We can then use this config in our requests being made from langchain.

portkey_headers = createHeaders(
    api_key=PORTKEY_API_KEY,
    config=config
)

llm = ChatOpenAI(api_key="X", base_url=PORTKEY_GATEWAY_URL, default_headers=portkey_headers)

llm.invoke("What is the meaning of life, universe and everything?")

When the LLM is invoked, Portkey will distribute the requests to gpt-4 and claude-3-opus-20240229 in the ratio of the defined weights.

You can find more config examples here.

Agents & Tracing

A powerful capability of Langchain is creating Agents. The challenge with agentic workflows is that prompts are often abstracted out and it’s hard to get a visibility into what the agent is doing. This also makes debugging harder.

Portkey’s Langchain integration gives you full visibility into the running of an agent. Let’s take an example of a popular agentic workflow.

"""
Libraries:
    pip install langchain langchain-openai langchainhub portkey-ai
"""

import os

from langchain import hub
from langchain.agents import AgentExecutor, create_openai_tools_agent, tool
from langchain_openai import ChatOpenAI
from portkey_ai import PORTKEY_GATEWAY_URL, createHeaders

prompt = hub.pull("hwchase17/openai-tools-agent")

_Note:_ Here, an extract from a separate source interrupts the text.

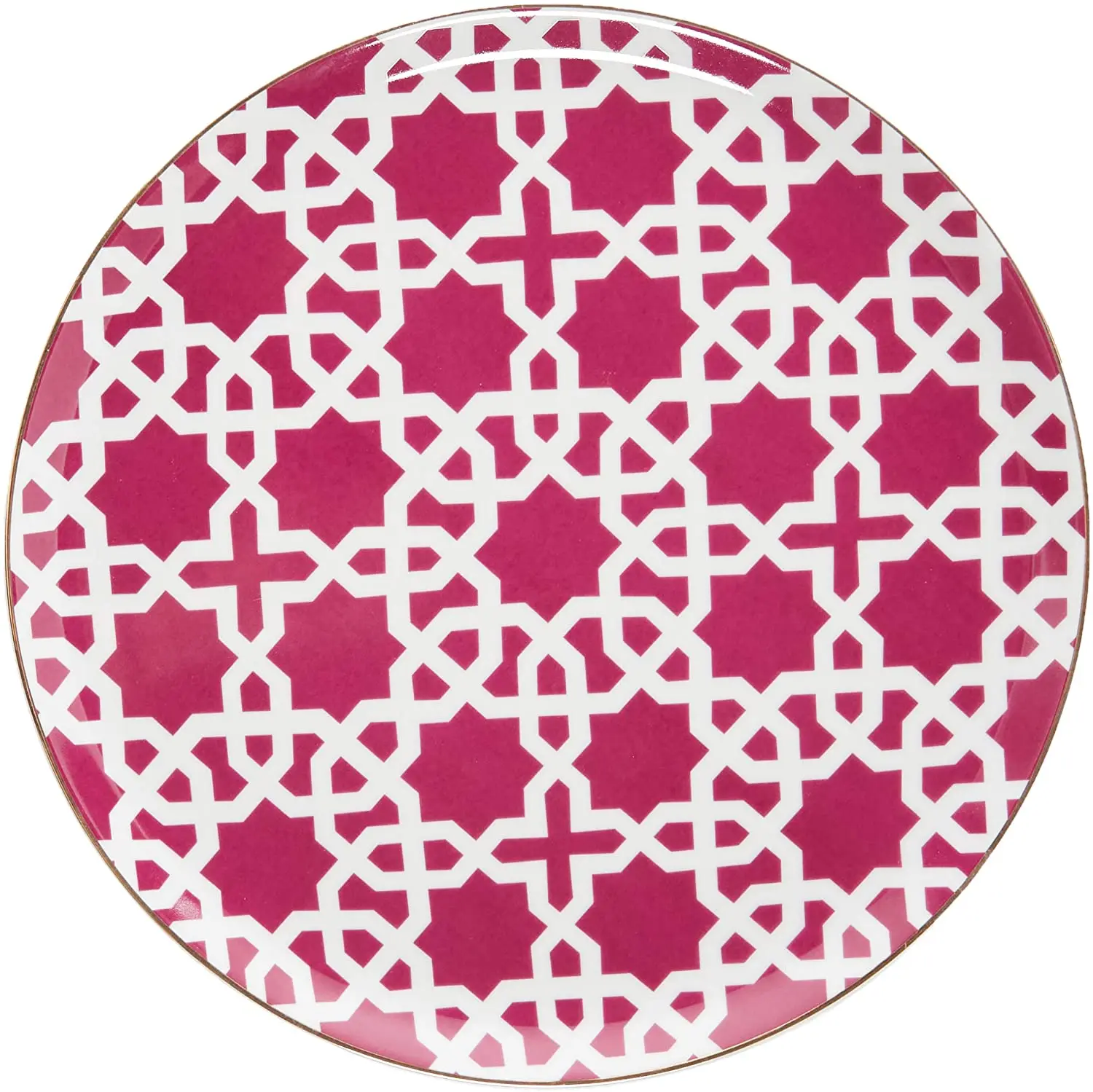 Porland Morocco Pattern 5 Fuchsia Plates 28cm- 11 İnch for Lunch Service for 1, 1 Piece
Porland Morocco Pattern 5 Fuchsia Plates 28cm- 11 İnch for Lunch Service for 1, 1 Piece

portkey_headers = createHeaders(
    api_key=os.getenv("PORTKEY_API_KEY"),
    config="your config id",
    trace_id="uuid-uuid-uuid-uuid",
)


@tool
def add(first_int: int, second_int: int) -> int:
    return first_int + second_int


@tool
def multiply(first_int: int, second_int: int) -> int:
    return first_int * second_int


@tool
def exponentiate(base: int, exponent: int) -> int:
    return base**exponent


tools = [multiply, add, exponentiate]

model = ChatOpenAI(
    api_key="ignore",  # type: ignore
    base_url=PORTKEY_GATEWAY_URL,
    default_headers=portkey_headers,
    temperature=0,
)

# Construct the OpenAI Tools agent
agent = create_openai_tools_agent(model, tools, prompt)  # type: ignore

# Create an agent executor by passing in the agent and tools
agent_executor = AgentExecutor(agent=agent, tools=tools, verbose=True)  # type: ignore

agent_executor.invoke(
    {
        "input": "Take 3 to the fifth power and multiply that by the sum of twelve and three, then square the whole result"
    }
)

Running this would yield the following logs in Portkey.

This is extremely powerful since you gain control and visibility over the agent flows so you can identify problems and make updates as needed.